# Agression Signs From My 11 week old Havanese - HELP!



## JWEX

I am a first time puppy owner who just got a havanese puppy. She's 11 weeks old and has been home for one week. After the first few days she started showing signs of aggression towards me. It started one day when we became locked in a staring contest and she immediately started barking and growling at me. Since then whenever we lock eyes she barks and growls and has lunged at me. She has even nipped at my leg/hands. The weird thing is that she never does this with my husband. 

When she barks/and bites, I immediately say "no" and will stand up to show her i am in charge but she doesn't stop. She will only stop when my husband tells her "no". 

Today a girlfriend of mine was over and she did the same thing to her. They locked eyes and she started growling/barking but was fine around her husband.

I really don't want an aggressive dog on my hands and would love some advice on how to correct this while she's young enough to learn. Any thoughts would be greatly appreciated!

Thanks!


----------



## juliav

Hi and welcome to the forum. :wave:

I am not sure what to make of this aggressive behavior, but know that you need to address this asap. I personally don't have any advice, except you should talk to a trainer or a behaviorist as soon as possible.


----------



## The Laughing Magpie

You need to take a class with your pup. Do not stare at your dog this is a sign of aggression to dogs even young puppies. No locking eyes. Border Collies do a crouch and stare that other dogs see as aggression. Staring at most dogs will make them look away...some will become aggressive.


----------



## Posh's Mom

not quite sure why you are having a stare down with your pup...

did your puppy come from a breeder that matched you and your pup based on personality traits you desired?

what is the history of your pup so far? hard to give any good suggestions at this point...more info?


----------



## ShirleyH

*Method*

This behavior should be immediately addressed as noted. When Keeper did this at age 12-13 weeks, our breeder advised turning him on his back and holding him down for a minute. This does work when the puppy understand he/she is not in charge.

Keeper is a sweet guy but will always have a stubborn personality. We love him dearly!

Good luck.

Shirley H.


----------



## Thumper

I would speak to a trainer about this, and I'd be careful with the staring matches she is a puppy and might think this is a game or play, you could try deepening your tone with her and see if that helps,

Kara


----------



## lfung5

Hmmmm. My guys stare at me all the time, but it's because they want food or affection.

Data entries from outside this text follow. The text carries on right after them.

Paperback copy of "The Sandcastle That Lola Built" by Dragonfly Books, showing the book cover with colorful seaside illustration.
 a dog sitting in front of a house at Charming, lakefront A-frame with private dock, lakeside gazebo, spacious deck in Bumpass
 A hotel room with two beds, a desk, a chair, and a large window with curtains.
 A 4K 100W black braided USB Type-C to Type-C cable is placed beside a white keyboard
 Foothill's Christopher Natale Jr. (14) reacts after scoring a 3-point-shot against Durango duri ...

My Fred used to beat up Bella when he was a pup. I did read something about making him more submissive by putting him on his back. He fought it at first. I also would pick him up by his armpits and let him hang helplessly. I read that too. God, it sounds kinda cruel now but he was a handful. He is a wonderful dog now. Be careful though. Someone told me I took the spirit out of him. He is so passive now that he gets picked on by every dog he meets. It's rather sad and sometimes I feel I'm to blame


----------



## mikeb

I am no expert but have been to lots of classes with the puppies I have had. I would never do a stare down with a 11 week old puppy. It may be quite scary to them at that age and do more damage than good. To me withholding attention for bad behavior and a treat and give attention when you see good behavior. I would say don't baby the puppy too much and dont let him sleep in bed with you. Enroll him in a puppy class soon, once his shots all set. That will help him know who is boss in a gentle rewarding way.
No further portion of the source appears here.